Dionne: Listening to history's echoes

President Donald Trump with his son Donald Jr. leave the White House in Washington on their way to a political rally, July 5, 2018. Trump on Aug. 5 denied a report that he is worried about the legal exposure for his son, who hosted a June 2016 meeting between some of Trump's top campaign advisers and a Kremlin-connected lawyer. (Samuel Corum/The New York Times)
President Donald Trump with his son Donald Jr. leave the White House in Washington on their way to a political rally, July 5, 2018. Trump on Aug. 5 denied a report that he is worried about the legal exposure for his son, who hosted a June 2016 meeting between some of Trump's top campaign advisers and a Kremlin-connected lawyer. (Samuel Corum/The New York Times)

WASHINGTON - How do democratic countries get to the point where they give up on self-rule? Under what circumstances do demagogues capture large audiences through irrational, emotional appeals unmoored from fact, logic or morality? When do politicians responsible for maintaining a democratic system surrender to dictators?

These questions are more pertinent to us in the early 21st century than we would wish. In the 1990s, democracy was thought to be on the march. Now, we worry that the international tide is turning toward autocracy and authoritarianism.

This is why Benjamin Carter Hett's "The Death of Democracy: Hitler's Rise to Power and the Downfall of the Weimar Republic" should join your summer reading list.

Hett is a professor of history at Hunter College and the City University of New York Graduate Center. He joins the company of distinguished scholars, notably Richard J. Evans and Ian Kershaw, who have shed light on the social and political forces that brought a murderous regime to life through a democratic system.

But if this is an oft-told tragic tale, Hett's brisk and lucid study offers compelling new perspectives inspired by current threats to free societies around the world.

"In each era, we see the past differently, according to how we see ourselves and our own experiences," Hett writes. "One era will notice things about the past that another will not. This is one reason why history is, and has to be, constantly rewritten."

It is both eerie and enlightening how much of Hett's account rings true in our time. Consider this declaration from Joseph Goebbels, Hitler's chief propagandist: "Certainly we want to build a wall, a protective wall." There is this dolorous observation from the socialist Ernst Toller: "The people are tired of reason, tired of thought and reflection.
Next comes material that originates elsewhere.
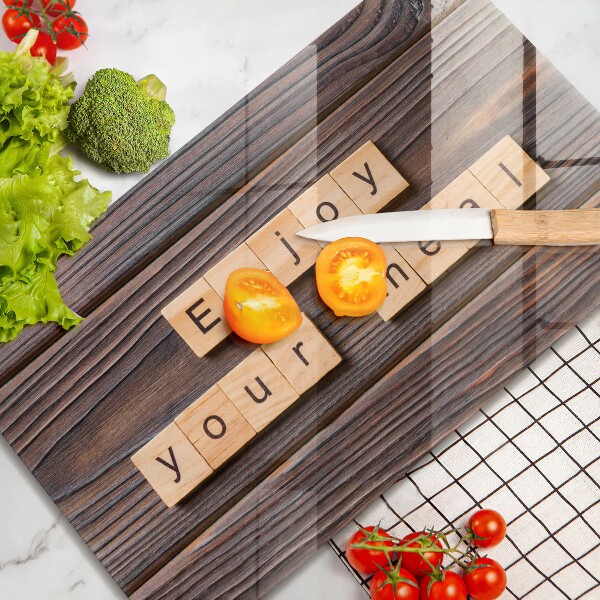 Herdabdeckplatte glas Enjoy your meal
They ask, what has reason done for us in the last few years, what good have insights and knowledge done us."

As Hett notes, "The key to understanding why many Germans supported [Hitler] lies in the Nazis' rejection of a rational, factual world. Hitler could give voice to this flight from reality as could no other German politician of his time."

The larger story he tells resonates, too. Hett argues that the Nazi movement was "a response to an overwhelming triumph of global liberal capitalism at the end of the Great War" and that the logic of a chaotic moment "pushed opponents of austerity to become opponents of liberal democracy as well." The Nazi movement was rooted in anti-Semitism, bigotry and exclusion. But it also exploited economic discontent bred by orthodox economic policies that deepened the pain of the Depression.
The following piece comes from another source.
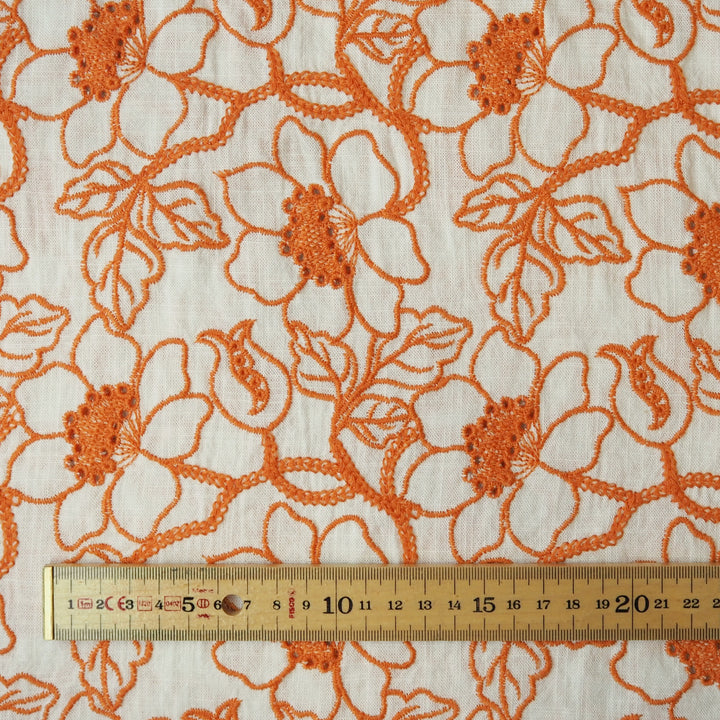 Mandarin orange floral embroidered viscose linen dressmaking fabric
And conservatives everywhere should ponder the choices made by the German establishment, including big business, the military, culturally traditional Protestants and big land owners. They all helped bring Hitler to power because they hated the left - including the moderate Social Democrats, the backbone of the Weimar Republic - more than they loved republican government and political freedom.
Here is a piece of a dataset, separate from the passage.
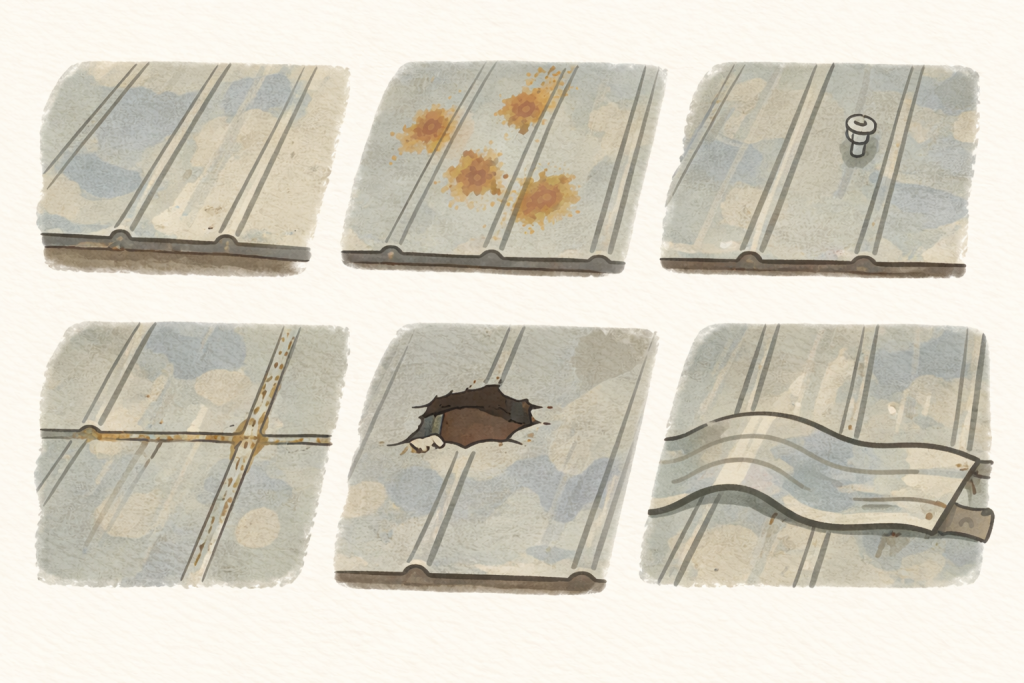 金属屋根の色あせ・サビ・ビス浮きなど劣化症状を一覧でまとめたチェックリスト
Hett writes that members of "the conservative establishment could have stopped Hitler in his tracks. Instead, they chose to use him, although the Nazi-conservative alliance was always an awkward one." He notes at another point: "Democracy was not working for them precisely because their interests could not attract the support of a majority, even a large plurality, of voters."

The politicians and power brokers who helped Hitler become Chancellor believed they could deploy him to destroy the left but also keep him under control. They achieved the first but not the second. The consequences were catastrophic, to those slaughtered in Hitler's genocide and to Germany as a whole. German conservatives had no desire to see their country pulverized by war and shrunken in size afterward. But their choices in the 1930s brought about exactly this outcome.

There is a reluctance to draw lessons from the Nazi experience because personal comparisons between contemporary politicians and Hitler are always a mistake. Hitler's crimes are in a category of horror all their own.

But this should not stop us from heeding the warnings of a political era that led to the collapse of freedom in Germany. Seeing it "as the result of a large protest movement colliding with complex patterns of elite self-interest, in a culture increasingly prone to aggressive mythmaking and irrationality strips away the exotic and foreign look of swastika banners and goose-stepping Stormtroopers."

Hett adds: "Suddenly, the whole thing looks close and familiar."

It does, and our task is to prevent this "whole thing" from ever happening again.